Practical abduction: characterization,decomposition and concurrency

Abstract

Abductive inferences seem to be ubiquitous in cognition, and cognitive agents often solve complex abduction tasks very rapidly. However, abduction characterized as ‘inference to the best explanation’ is in general computationally intractable. This paper describes three related ideas for understanding how intelligent agents might efficiently perform abduction tasks. First, we recharacterize the abduction task as inference to a confident explanation, where a confident explanation is internally consistent, parsimonious, distinctly more plausible than alternative explanations, and explains as much of the data as possible with high confidence. Second, we describe a decomposition of the task of synthesizing a confident explanation into several subtasks so that the synthesis starts from islands of relative certainty and then grows opportunistically.

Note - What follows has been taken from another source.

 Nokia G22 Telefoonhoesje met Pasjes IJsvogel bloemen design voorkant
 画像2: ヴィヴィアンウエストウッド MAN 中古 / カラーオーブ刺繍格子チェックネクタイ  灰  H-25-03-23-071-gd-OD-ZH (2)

This decomposition helps in controlling the computational cost of accommodating interactions among explanatory hypotheses, especially incompatibility interactions. Third, we present a concurrent mechanism for synthesizing confident explanations. The mechanism exploits data and processing dependencies afforded by the decomposition of the synthesis task. The emphasis of this approach to abduction is on characterizing the constraints of the abduction task and exploiting these constraints for making abductive inferences. In describing this approach, we also clarify the precise class of abduction problems addressed by the RED-2 system, and report on some new experiments. The main result is a computational model that not only enables efficient abductive inferences but also accommodates explanatory interactions, uncertainty, and data collection.